His most joyous and life-affirming works like the 9th symphony and the ethereal, wondrous late quartet in A Minor, op. 132, its prayerful third movement entitled ‘A Convalescent’s Holy Song of Thanksgiving to the Deity, in the Lydian Mode — Feeling New Strength’ are works that embody the redemptive strength the composer must have felt he lacked.

But he didn’t lack redemption.

1 bIi3Yl5-g1M1YhZ3cvNWJw.jpeg

While in the Beethovenhaus, in the last rooms entitled, Vermachen (Bequeathing), one can find a kind of consolation here. When you turn your attention away from the intimidating and larger than life bust of Beethoven, it being our culture’s colossal accepted image of him, it is peaceful to linger long upon something else: the composer’s death mask. Upon the brow and etched over the eyes and lips, a semblance of eternal repose and respite in this humble form. In the background behind the visitor, the beguiling beauty of his late Sonata no. 32 in C minor, its second and most mysterious movement entitled ‘Arietta’ playing on.

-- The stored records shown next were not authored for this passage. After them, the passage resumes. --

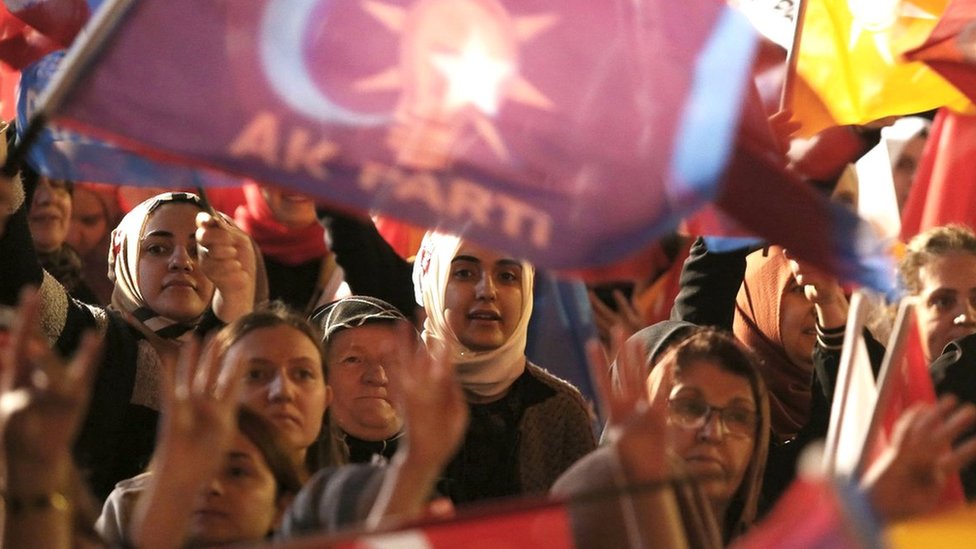 Supporters wave flags and banners as Turkish President and presidential candidate Recep Tayyip Erdogan makes an address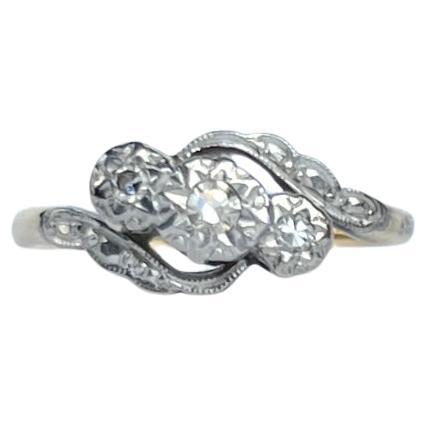 Art Deco Diamond and 18 Carat Gold Three-Stone Twist Ring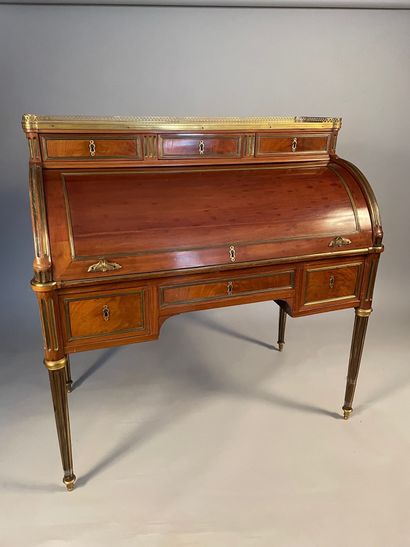 null Large mahogany cylinder desk with brass filleting, opening with three drawers...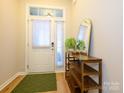 Bright entryway with wood shelving and a full-length mirror at 810 Ayrshire Ave, Fort Mill, SC 29708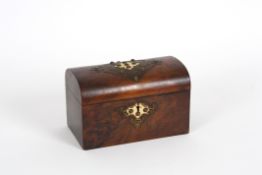 A late 19th century gothic tea caddy with domed lid and two inner compartments, the escutcheon and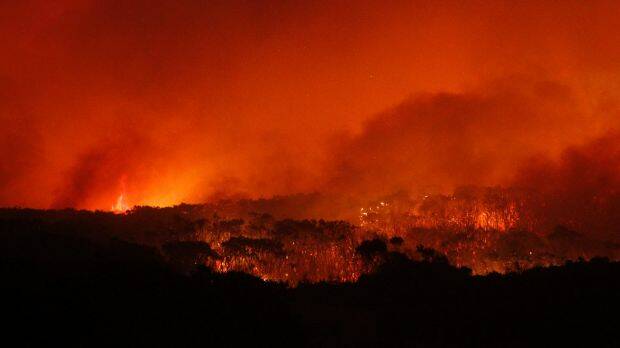 Flames sweep towards the heritage-listed NSW Central Coast town of Catherine Hill Bay on October 12, 2013. Photo: Jonathan Carroll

They say in the worst early years of his deafness, not only did the composer avoid others but in his compositions, the high notes. Thinking of this, one might think of the laughter of children he never heard and yet imagined. Here, in this last piano piece, one can hear those high notes radiating on, like children’s laughter, like joy being sung towards the high windows of the cosmos. A joy undiminished by illness and pain.

When I was about to finish my visit to this great house, I remained in this room the longest. I felt it necessary, as a kind of honor and reverent appreciation of this man. Here, to be able to listen to the piece, as the restless shadows of sunlit leaves radiated on the walls and flickered all around me.